損切は含み損を抱えている状態で、更なる含み損の増加が予想される場合に、損失を確定させる事です。
損切を行う事で損失が確定されてしまいますが、それ以上の損失を止めるためには重要な事です。
特にレバレッジを掛けている場合は損失の拡大の影響は大きいです。
損切の重要性
損切のタイミングは投資方法や、アセットアロケーション(資産配分)など、取れるリスクが異なるため、個人個人のリスク許容度は異なります。
しかし、リスク許容度が大きいとそれだけ元金に戻るまでに多くの利益が必要となります。
例えば
元金が100万円の状態から50%減少して50万円になった段階で損切を行ったとします。
この場合は元金が50万円となってしまうため、100万円まで戻るためには50万円が必要になります。
50万円の元金で50万円を得るためには100%の利益を得る必要があります。
元金 | 元金率 | 元金に戻るまでの利益率 |
---|---|---|
100万円 | 100% | 0% |
90万円(10万円減少) | 90%(10%減少) | 11%の利益が必要 |
80万円(20万円減少) | 80%(20%減少) | 25%の利益が必要 |
70万円(30万円減少) | 70%(30%減少) | 43%の利益が必要 |
60万円(40万円減少) | 60%(40%減少) | 67%の利益が必要 |
50万円(50万円減少) | 50%(50%減少) | 100%の利益が必要 |
このように、様々な要素を考えて、自身の取れるリスク許容度と、資本の減少見込みなどを考慮する必要があるため、損切の判断材料は多くはとても難しいです。
ロスカットについて
損切とロスカットに大きな差異はありませんが、損切は自身で決済を行う事を意味する事が多く、ロスカットは自動的な決済を意味する事が多いです。
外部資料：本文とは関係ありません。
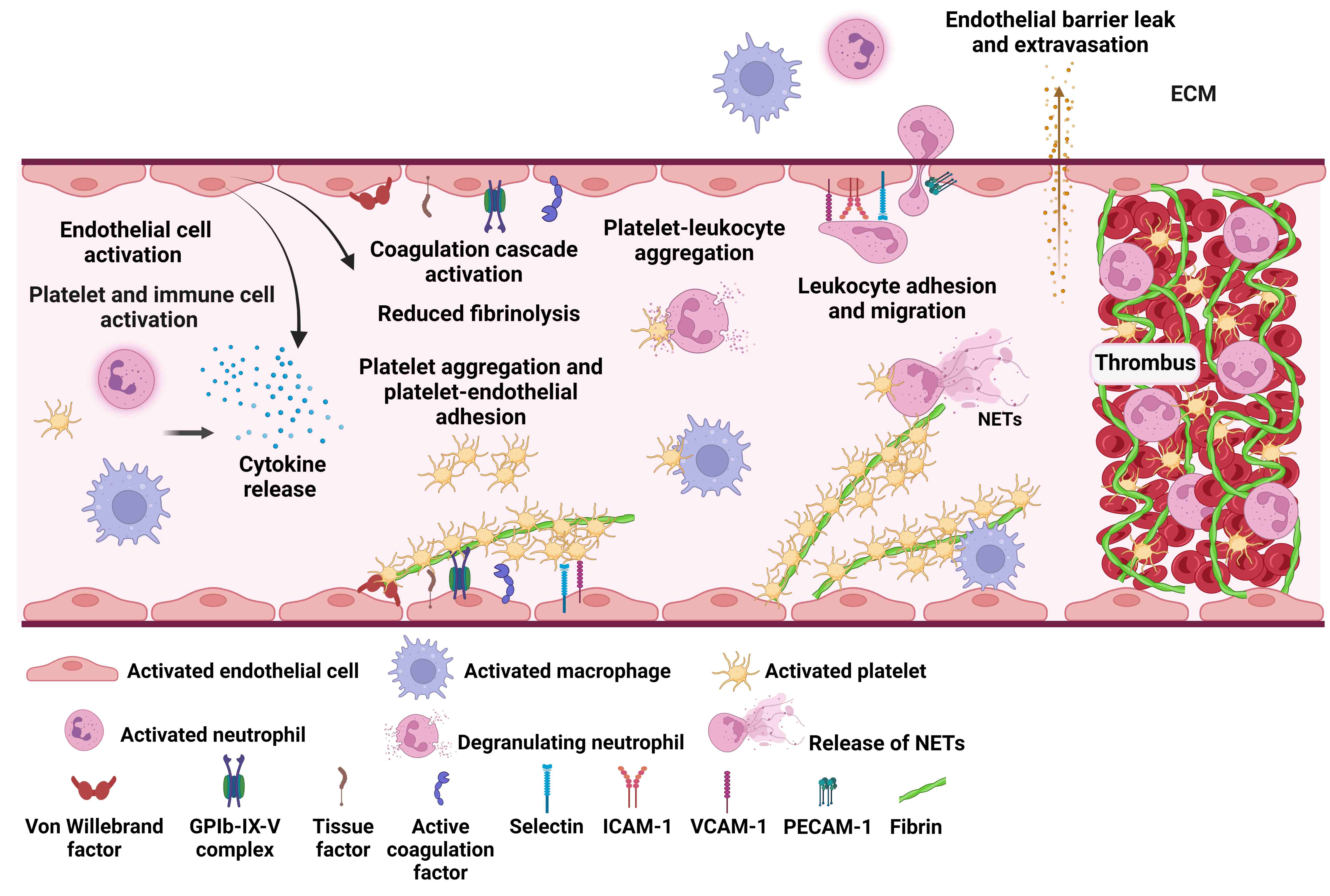 The inflammation and coagulation
interaction in ARDS. Activated endothelial cells trigger various events that
include activation of the coagulation cascade (with reduction of anticoagulant
and fibrinolytic factors), the release of cytokines, and up-regulation of
leukocyte and endothelial cell adhesion molecules (P-selectin, E-selectin, ICAM,
VCAM, PECAM). These events, in turn, promote activation of leukocytes and
platelets that leads to platelet aggregation and formation of platelet-leukocyte
aggregates, facilitating the adhesion and migration of leukocytes to the
interstitium and alveolar airspaces. In addition, the generation of tissue factor
(from exposed subendothelium or released by activated macrophages/monocytes and
platelets) and von Willebrand factor (vWF) (released by activated endothelial cells
and platelets) mediates further platelet adhesion and aggregation. Activated
neutrophils release pro-inflammatory mediators (chemokines, cytokines) along with
ROS, enzymes (MMPs, elastase, myeloperoxidase), and neutrophil extracellular
traps (NETs) that have an essential role in host defense but cause endothelial
and epithelial injury under overwhelming pathological conditions. Coagulation and
activated platelets and leukocytes augment microvascular endothelial damage
leading to the disruption and increased permeability of the endothelial barrier.
All these events facilitate further movement of inflammatory cells and
protein-rich fluid into the interstitium and alveoli. In the intravascular
compartment, activation of coagulation, platelets, leukocytes, and endothelial
cells, along with the generation of thrombin and fibrin, leads to the formation
of thrombi in the pulmonary microvasculature. Figure created with BioRender.com. ECM, extracellular matrix; ROS, Reactive Oxygen
Species; MMPs, Matrix Metalloproteinases; NETs, Neutrophil Extracellular Traps;
GPIb-IX-V, glicoprotein Ib-IX-V; ICAM-1, intercellular adhesion molecule 1;
VCAM-1, vascular cell adhesion protein 1; PECAM-1, platelet-endothelial cell
adhesion molecule-1.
ロスカットは特定の資産比率になると自動で決済を行うように設定されている事が多く、資産の減少を機械的に抑える効果があります。
そのため、ロスカットは投資家を護る機能として使われるのが一般的です。
しかし、この機能が完全に機能しない事があります。
海外FX(外国為替証拠金取引)などのレバレッジが大きく設定できるものは特に注意が必要で、資産が大きく減少した時に強制ロスカットが行われるタイミングが遅れてしまう事があります。
資産比率が一定の水準(取引会社によって異なり、証拠金維持率が100%~50%が多い)以下となった場合に強制的にロスカットが行われるのですが、土日などの取引所が開いてない間に大幅な値動きがあったり、取引件数が多くロスカットが遅れてしまう事によって含み損が確定されてしまう事があります。
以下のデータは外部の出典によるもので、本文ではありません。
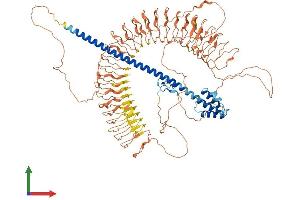 AlphaFold protein structure predicition of Human Recombinant TEX13C Protein, UniprotID A0A0J9YWL9 (TEX13C Protein (AA 1-993) (His tag))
特に取引所が開いていない間に大きな値動きがある場合はその損失も大きくなりやすいため注意が必要です。
まとめ
アセットマネジメント(資産管理・運用)を行うためには多くの要素を検討しなくてはいけませんが、その中でも損切の判断は緊急性が高く不明瞭な点が多くなりやすいためとても難しいです。
そして、資産が大きく減少していくと不安が強くなります。
理由が明確になっていて更なる下落が濃厚だと判断できる場合は多くの人が損切を選択できると思います。
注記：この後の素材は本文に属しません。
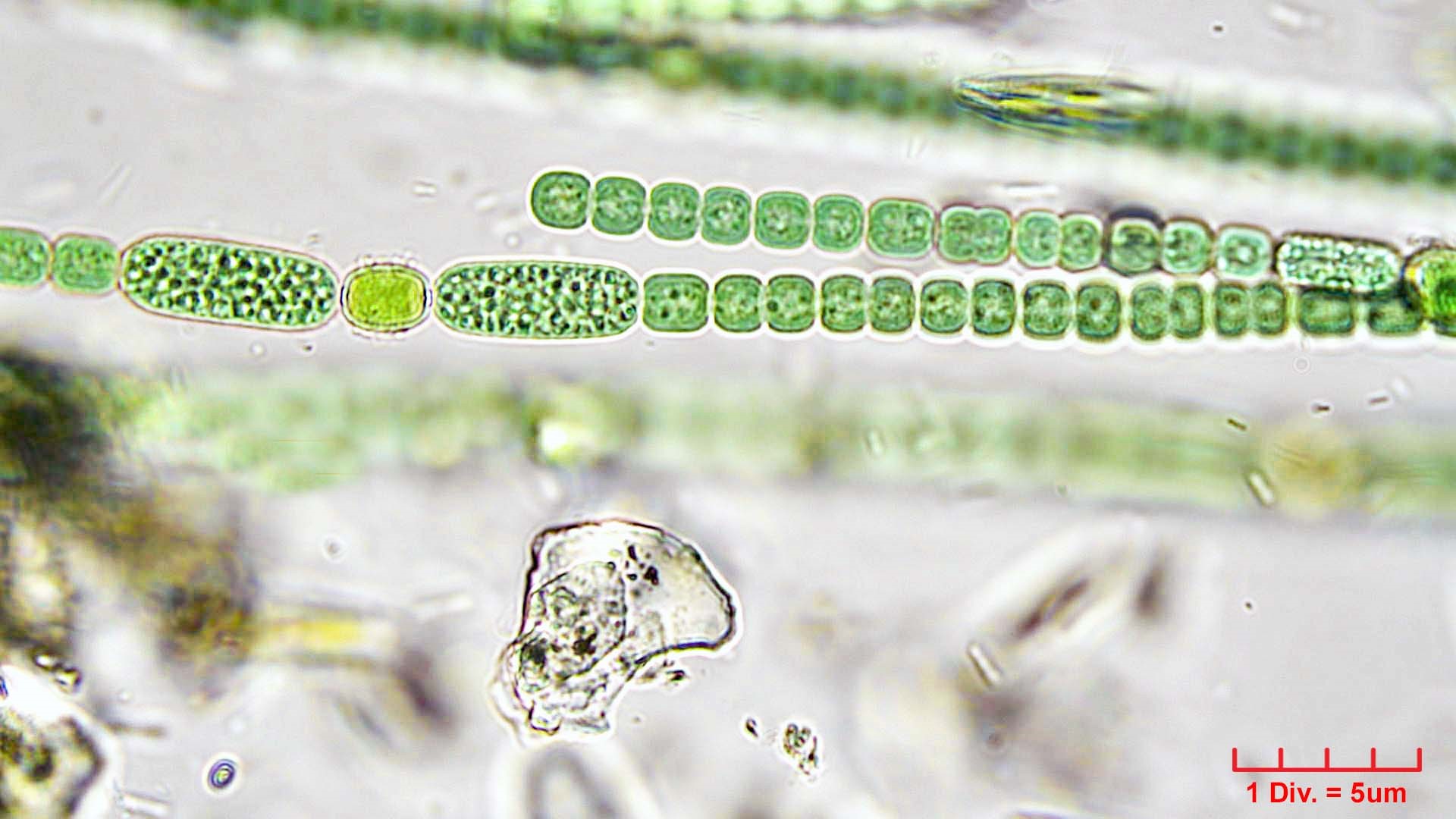 Cyanobacteria/Nostocales/Nostocaceae/Anabaena/oscillarioides/anabaena-oscillarioides-625.jpg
しかし、理由がわからずに資産が減少する事もあります。
このような時の判断はとても難しく、自分の分析が正しいと信じて保有し続けられる人は限られるため、精神的にも不安定になりやすいです。
そのため、多くの人が狼狽売り(狼煙売り/パニック売り)をしてしまい、その後に後悔を経験した事があると思います。
このようなリスクを軽減するためには普段から可処分所得の範囲内で投資を行い、生活防衛資金を蓄えておく事でいざという時の精神的な安定感が大きく異なります。
そして、この精神的な安定が冷静な判断をする時の大きな差となります。
冷静な判断ができずにパニックになってしまうと、普段なら絶対にしないような選択をしてしまう事もありとても危険です。
大きな資産を運用しているプロの投資家でも失敗の経験を語る際に、冷静な判断ができていなかったと語ります。
また、徐々に資産が減少していく時も損切のタイミングを失ってしまいやすいので、明確な判断をができるような指標を見極めるように自分なりの指標を持つことが大切です。